Linting occurs when regular expressions are provided as literal strings in the source code. All style warnings generated are of the type lint-style-warning.
3.1 Unreachability
The following issues generate style warnings at compile-time, of type not-matchable-style-warning. They do not indicate that something will go wrong at run-time, but their behaviour is rarely desirable.
3.1.1 "This expression is impossible to match."
Explanation
The expression will never match any expressions; it is equivalent to the empty set.
Examples
a&b: There are no characters that are simultaneously a and b.

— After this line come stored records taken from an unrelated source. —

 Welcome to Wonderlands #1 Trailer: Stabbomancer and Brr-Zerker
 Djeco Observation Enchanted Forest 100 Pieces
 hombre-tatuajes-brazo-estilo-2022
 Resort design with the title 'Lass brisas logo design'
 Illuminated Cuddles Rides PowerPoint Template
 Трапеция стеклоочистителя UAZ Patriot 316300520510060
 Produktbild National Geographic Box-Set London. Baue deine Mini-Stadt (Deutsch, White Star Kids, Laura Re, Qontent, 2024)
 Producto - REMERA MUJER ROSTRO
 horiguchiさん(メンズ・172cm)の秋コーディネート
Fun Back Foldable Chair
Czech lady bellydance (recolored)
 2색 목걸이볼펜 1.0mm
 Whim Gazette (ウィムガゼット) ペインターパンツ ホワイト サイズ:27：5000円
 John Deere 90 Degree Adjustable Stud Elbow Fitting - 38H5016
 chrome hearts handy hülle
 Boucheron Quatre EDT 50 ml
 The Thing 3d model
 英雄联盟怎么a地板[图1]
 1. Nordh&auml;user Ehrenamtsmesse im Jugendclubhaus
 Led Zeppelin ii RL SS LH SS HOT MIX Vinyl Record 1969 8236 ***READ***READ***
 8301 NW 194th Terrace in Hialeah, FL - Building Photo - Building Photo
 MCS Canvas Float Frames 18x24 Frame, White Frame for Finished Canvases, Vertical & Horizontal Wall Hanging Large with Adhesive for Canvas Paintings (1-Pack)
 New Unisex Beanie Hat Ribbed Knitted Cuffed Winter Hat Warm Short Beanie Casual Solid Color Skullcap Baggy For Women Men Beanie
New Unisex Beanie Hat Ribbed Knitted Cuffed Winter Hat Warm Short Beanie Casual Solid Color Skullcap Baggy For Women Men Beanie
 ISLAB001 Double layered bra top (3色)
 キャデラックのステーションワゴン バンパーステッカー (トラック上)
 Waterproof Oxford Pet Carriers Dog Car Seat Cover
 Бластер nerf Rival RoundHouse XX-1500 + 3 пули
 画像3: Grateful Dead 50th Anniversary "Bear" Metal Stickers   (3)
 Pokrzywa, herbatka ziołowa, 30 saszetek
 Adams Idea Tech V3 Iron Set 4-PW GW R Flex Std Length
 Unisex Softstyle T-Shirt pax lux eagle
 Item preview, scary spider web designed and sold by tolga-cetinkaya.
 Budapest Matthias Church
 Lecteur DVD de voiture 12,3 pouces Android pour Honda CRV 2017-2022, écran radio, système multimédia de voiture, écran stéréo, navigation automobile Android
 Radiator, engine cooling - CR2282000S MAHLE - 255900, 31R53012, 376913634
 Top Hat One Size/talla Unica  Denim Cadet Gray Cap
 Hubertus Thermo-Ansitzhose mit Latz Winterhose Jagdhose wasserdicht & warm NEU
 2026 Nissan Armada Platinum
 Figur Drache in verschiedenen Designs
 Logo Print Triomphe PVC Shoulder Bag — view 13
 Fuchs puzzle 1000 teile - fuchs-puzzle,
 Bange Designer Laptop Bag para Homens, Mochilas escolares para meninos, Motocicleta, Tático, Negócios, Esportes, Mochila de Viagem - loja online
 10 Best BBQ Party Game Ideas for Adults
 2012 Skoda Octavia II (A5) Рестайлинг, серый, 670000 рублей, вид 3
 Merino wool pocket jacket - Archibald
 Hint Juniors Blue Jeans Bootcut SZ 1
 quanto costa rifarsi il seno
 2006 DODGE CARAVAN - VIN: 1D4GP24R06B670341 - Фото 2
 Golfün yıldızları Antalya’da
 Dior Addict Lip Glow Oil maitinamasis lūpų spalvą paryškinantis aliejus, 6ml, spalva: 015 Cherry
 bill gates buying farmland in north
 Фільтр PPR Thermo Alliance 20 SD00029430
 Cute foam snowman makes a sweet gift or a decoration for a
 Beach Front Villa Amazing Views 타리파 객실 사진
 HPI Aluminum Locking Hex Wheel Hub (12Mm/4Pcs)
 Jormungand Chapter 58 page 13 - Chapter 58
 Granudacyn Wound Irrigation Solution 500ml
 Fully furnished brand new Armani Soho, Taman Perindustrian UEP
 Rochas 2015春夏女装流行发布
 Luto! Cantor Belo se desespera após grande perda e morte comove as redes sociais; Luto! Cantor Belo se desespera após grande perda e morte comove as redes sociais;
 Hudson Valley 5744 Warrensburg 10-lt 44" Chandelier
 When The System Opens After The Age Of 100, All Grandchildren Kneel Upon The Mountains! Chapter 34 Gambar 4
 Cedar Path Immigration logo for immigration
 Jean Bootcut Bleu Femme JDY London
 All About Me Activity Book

¬(a$|$b)&¬(¬(a$)&¬($b)): There are no strings that match ¬(a$|$b) but not ¬(a$)&¬($b). In other words, the linter is used to prove \overline{a \lor b} \Rightarrow \overline a \land \overline b. While it is a fun idea, we don’t recommend using the linter to check equivalence of Boolean expressions.
3.1.2 "The <n-th> group in this expression is impossible to match."
Explanation
A submatch in the expression will never match any expressions; it may either correspond to the empty set, or is "shadowed" by an alternate expression.
Examples
a|«a» generates the warning "The first group in this expression is impossible to match.". The only string that the expression can match is a, and the left-hand side of the | operator takes precedence with POSIX semantics, so the right hand side can never match.
a|«b&c» generates the same warning. There are no characters that are simultaneously b and c.
3.2 Matching too much
Some regular expressions may match at every position, which is usually a sign of a mistake, as one usually wants to extract something from a string, and not everything. The following issues generate style warnings at compile-time, of type matching-too-much-style-warning.
3.2.1 "This expression matches the empty string at every position."
Explanation
The expression will match at every position, and most matches will have zero length. Often some * repetition needs to be replaced with some + repetition, to ensure matches contain at least one character.
Examples
The following code will produce too many matches:
(defun numbers (string)
(one-more-re-nightmare:all-string-matches "[0-9]*" string))
(numbers "Phone: 6323003")
;; => (#("") #("") #("") #("") #("") #("") #("") #("6323003") #(""))
one-more-re-nightmare generates this warning when the numbers function is submitted. One solution is to replace the * repetition with + repetition.
(defun numbers (string)
(one-more-re-nightmare:all-string-matches "[0-9]+" string))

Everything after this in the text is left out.